Data START
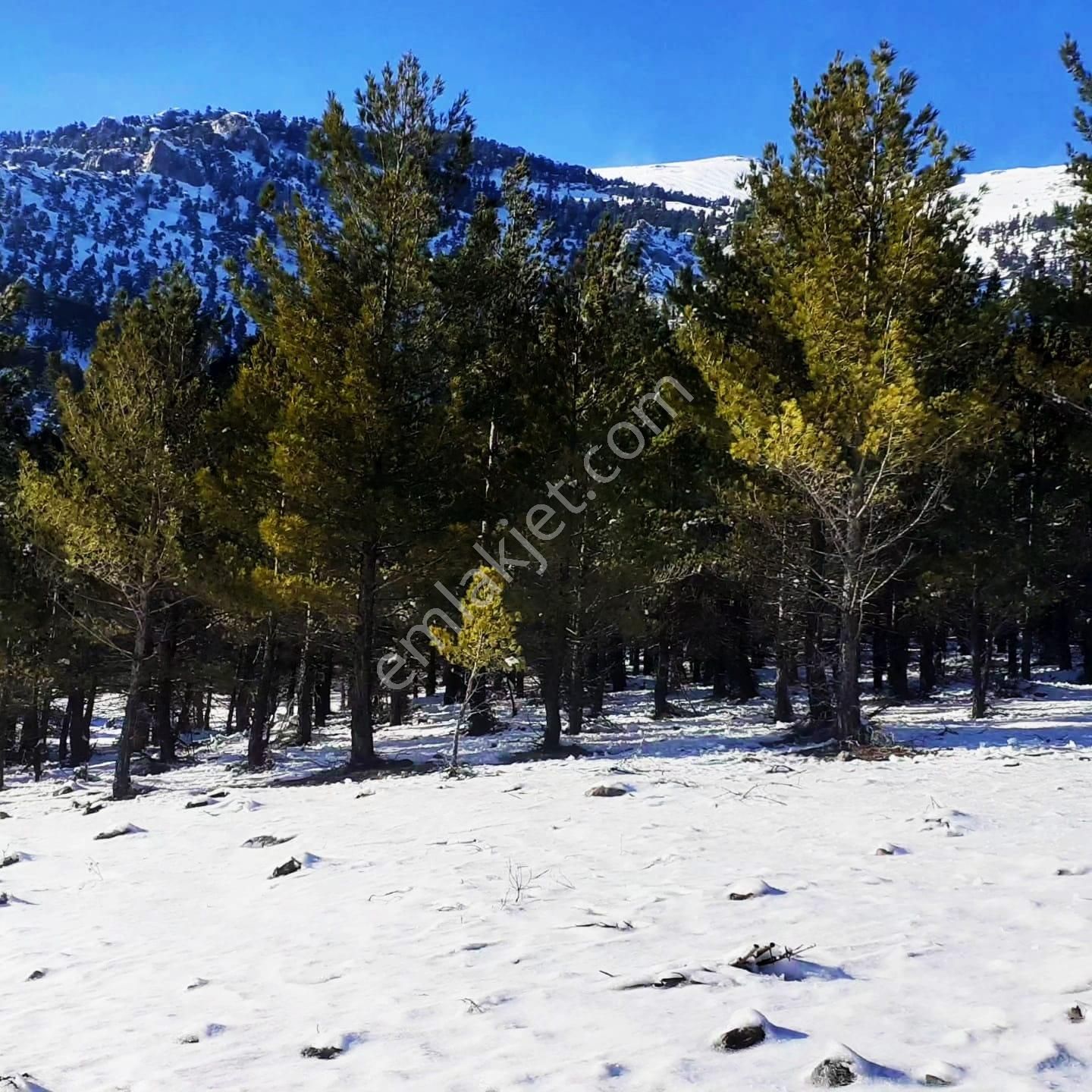 Pozantı Kar Emlaktan Yeni Konacık Efes Sitesi Üzerinde Doğa Manzaralı Satılık 400 M2 Arsa - Görsel 16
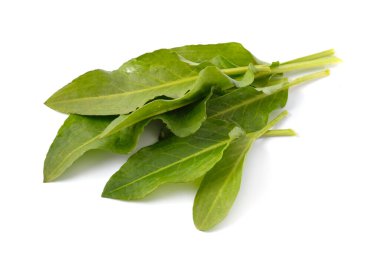 Rumex Confertus Green yaprakları. Beyaz arkaplanda izole.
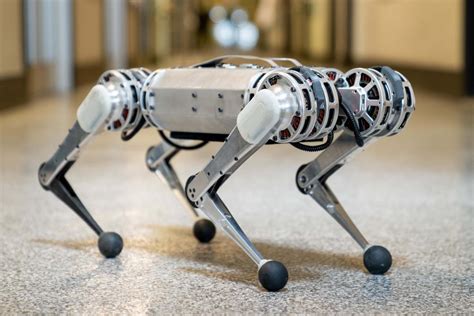 Biomimetic Robotics:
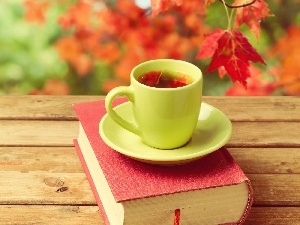 Leaf, Book, Autumn, cup, Bench, tea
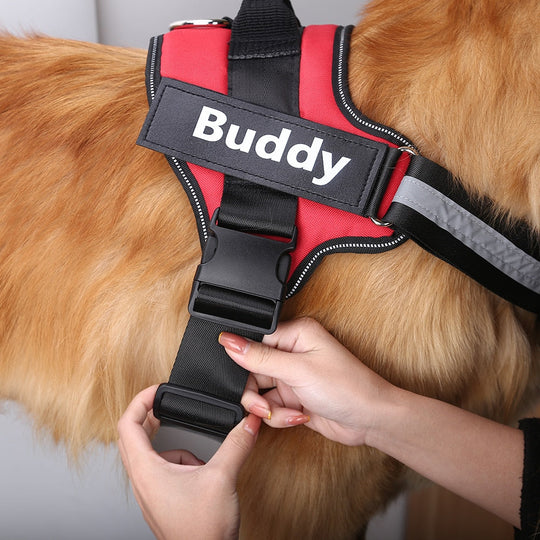 Ultimate Personalized No Pull Dog Harness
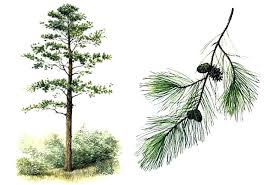 Pine Tree Identification Plant Identification Closed Can You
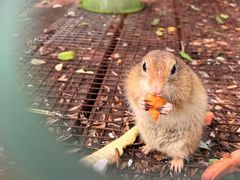 -北京鹿世界主题园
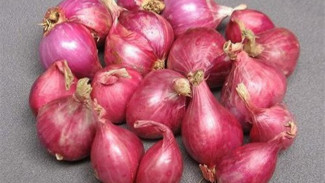 Tips Menyimpan Bawang Merah agar Awet dan Tidak Cepat Busuk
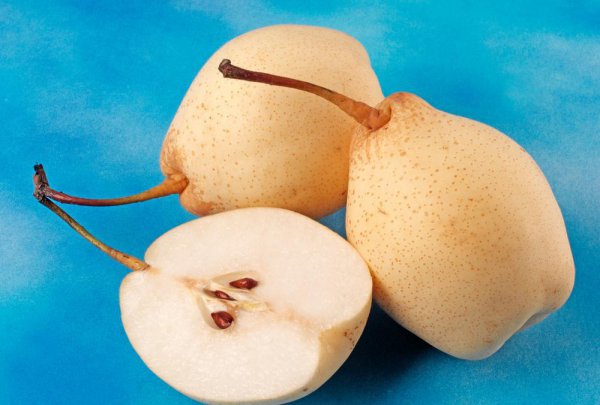 贡梨和雪梨的区别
Data END
## Work instructions:
Please restate the material above line by line, exactly, beginning at its first line and ending with the line that contains "Ultimate Personalized No Pull Dog Harness", without any pictures.

## Written solution:
 Pozantı Kar Emlaktan Yeni Konacık Efes Sitesi Üzerinde Doğa Manzaralı Satılık 400 M2 Arsa - Görsel 16
 Rumex Confertus Green yaprakları. Beyaz arkaplanda izole.
 Biomimetic Robotics:
 Leaf, Book, Autumn, cup, Bench, tea
 Ultimate Personalized No Pull Dog Harness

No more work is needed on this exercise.